What you should do: A faithful copy of the data below is required, leaving out every picture.

The data:
-- Opening Marker --

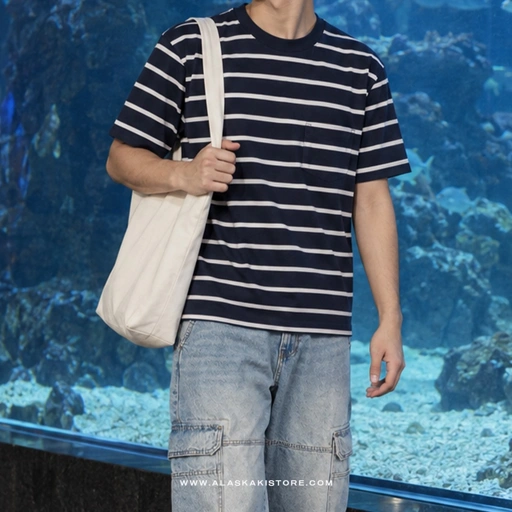 Pocket Tees Stripe Dark Navy GA4083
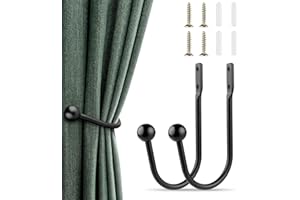 LEFSDVF Black Curtain Tie Backs, 2 Curtain Hooks, U-Shaped Metal Hook Wall Mounted Decorative Accessories With Screws, Decorative Accessories for Bedroom, Drapery Holdbacks for Fixed Curtain or Hanging Items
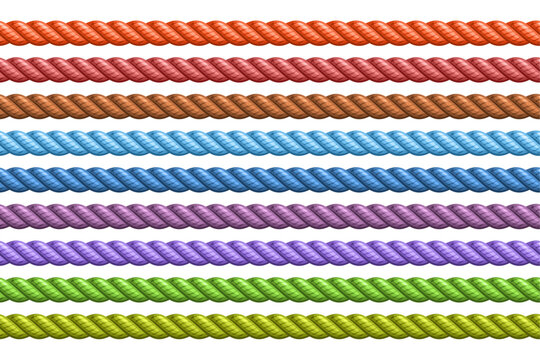 Vector Seamless Rope Set, group of illustration horizontal decorative multicolored long ropes, collection of many variety repeating plastic ropes on white background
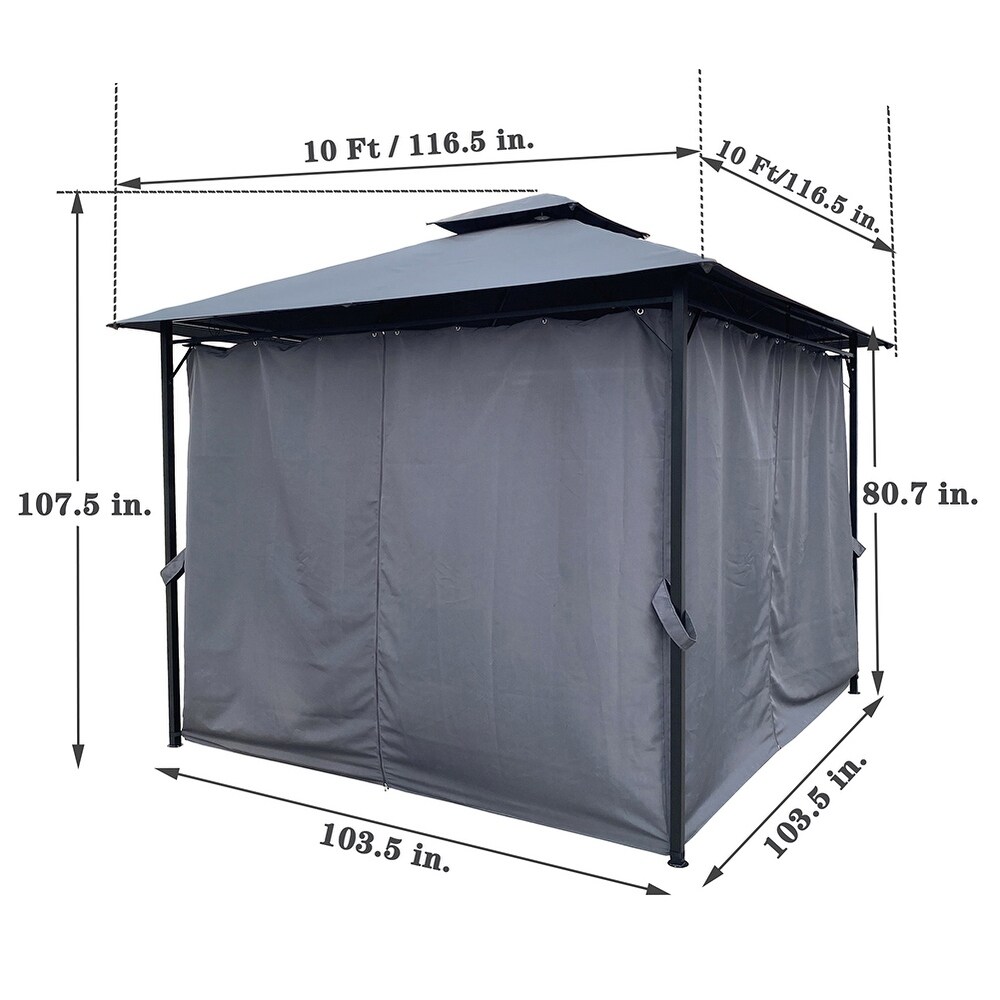 Outdoor Patio Garden Gazebo Tent With Curtains  Gray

-- Closing Marker --

Response for this exercise:
 Pocket Tees Stripe Dark Navy GA4083
 LEFSDVF Black Curtain Tie Backs, 2 Curtain Hooks, U-Shaped Metal Hook Wall Mounted Decorative Accessories With Screws, Decorative Accessories for Bedroom, Drapery Holdbacks for Fixed Curtain or Hanging Items
 Vector Seamless Rope Set, group of illustration horizontal decorative multicolored long ropes, collection of many variety repeating plastic ropes on white background
 Outdoor Patio Garden Gazebo Tent With Curtains  Gray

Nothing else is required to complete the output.